Proof. Suppose that $g_1$ and $g_2$ are both continuous functions from $\overline{A}$ to $Y$ that extend $f$ so that $g_1(x)=g_2(x)=f(x)$ for all $x\in A$. Clearly $g_1=g_2$ if and only if $g_1(x)=g_2(x)$ for all $x\in \overline{A}$. So suppose that this is not the case so that there is an $x_0\in \overline{A}$ where $g_1(x_0)\ne g_2(x_0)$. Since $Y$ is a Hausdorff space and $g_1(x_0)$ and $g_2(x_0)$ are distinct, there are disjoint neighborhoods $V_1$ and $V_2$ of $g_1(x_0)$ and $g_2(x_0)$, respectively. Then there are also neighborhoods $U_1$ and $U_2$ of $x_0$ such that $g_1(U_1)\subset V_1$ and $g_2(U_2)\subset V_2$ by Theorem 18.1 since both $g_1$ and $g_2$ are continuous.

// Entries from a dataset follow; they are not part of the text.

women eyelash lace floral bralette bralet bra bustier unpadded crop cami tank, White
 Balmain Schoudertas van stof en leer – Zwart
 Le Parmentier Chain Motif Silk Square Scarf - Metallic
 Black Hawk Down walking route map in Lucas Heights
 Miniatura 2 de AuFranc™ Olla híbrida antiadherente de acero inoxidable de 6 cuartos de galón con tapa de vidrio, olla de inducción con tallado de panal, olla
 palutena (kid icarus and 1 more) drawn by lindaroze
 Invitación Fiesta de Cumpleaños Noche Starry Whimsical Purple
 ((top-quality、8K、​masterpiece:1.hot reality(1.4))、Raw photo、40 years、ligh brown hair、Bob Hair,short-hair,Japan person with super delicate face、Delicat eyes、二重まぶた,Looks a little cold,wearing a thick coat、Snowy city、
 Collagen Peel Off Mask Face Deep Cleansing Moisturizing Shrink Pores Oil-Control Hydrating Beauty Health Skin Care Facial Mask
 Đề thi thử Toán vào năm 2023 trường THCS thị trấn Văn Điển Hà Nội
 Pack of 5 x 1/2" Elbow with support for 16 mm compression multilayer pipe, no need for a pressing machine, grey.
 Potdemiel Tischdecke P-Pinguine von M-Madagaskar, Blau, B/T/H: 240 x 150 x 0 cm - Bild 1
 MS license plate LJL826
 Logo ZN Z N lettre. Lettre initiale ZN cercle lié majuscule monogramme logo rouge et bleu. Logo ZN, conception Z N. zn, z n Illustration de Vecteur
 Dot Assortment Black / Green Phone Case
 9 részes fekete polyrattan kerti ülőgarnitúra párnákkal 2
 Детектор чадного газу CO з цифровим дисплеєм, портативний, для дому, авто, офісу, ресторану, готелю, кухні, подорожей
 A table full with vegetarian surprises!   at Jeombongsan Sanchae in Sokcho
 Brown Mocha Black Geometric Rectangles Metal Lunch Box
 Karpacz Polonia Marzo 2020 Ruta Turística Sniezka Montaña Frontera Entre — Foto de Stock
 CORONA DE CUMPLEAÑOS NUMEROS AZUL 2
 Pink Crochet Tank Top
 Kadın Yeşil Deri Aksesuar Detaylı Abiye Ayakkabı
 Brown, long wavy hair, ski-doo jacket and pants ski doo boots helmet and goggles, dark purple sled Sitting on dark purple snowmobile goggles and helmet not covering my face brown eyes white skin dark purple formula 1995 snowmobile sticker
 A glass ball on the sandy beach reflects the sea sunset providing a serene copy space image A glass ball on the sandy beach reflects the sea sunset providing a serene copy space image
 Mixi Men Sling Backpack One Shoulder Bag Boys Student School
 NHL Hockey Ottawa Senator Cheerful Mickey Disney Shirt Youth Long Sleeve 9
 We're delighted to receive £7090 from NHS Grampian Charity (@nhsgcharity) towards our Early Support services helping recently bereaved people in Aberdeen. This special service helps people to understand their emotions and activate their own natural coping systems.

Now let $U=U_1\cap U_2$ so that $U$ is also a neighborhood of $x_0$. Since $x_0\in \overline{A}$, it follows that $U$ intersects $A$ so that there is a $y\in U$ where also $y\in A$ by Theorem 17.5. Since $y\in A$ we have that $g_1(y)=g_2(y)=f(y)$. We also have that $y\in U_1$ and $y\in U_2$ since $U=U_1\cap U_2$. Thus $g_1(y)\in g_1(U_1)$ so that $f(y)=g_1(y)\in V_1$ since $g_1(U_1)\subset V_1$. Similarly $f(y)=g_2(y)\in V_2$, but then we have that $f(y)\in V_1\cap V_2$, which contradicts the fact that $V_1$ and $V_2$ are disjoint! Hence it must be that $g_1=g_2$, which shows uniqueness. □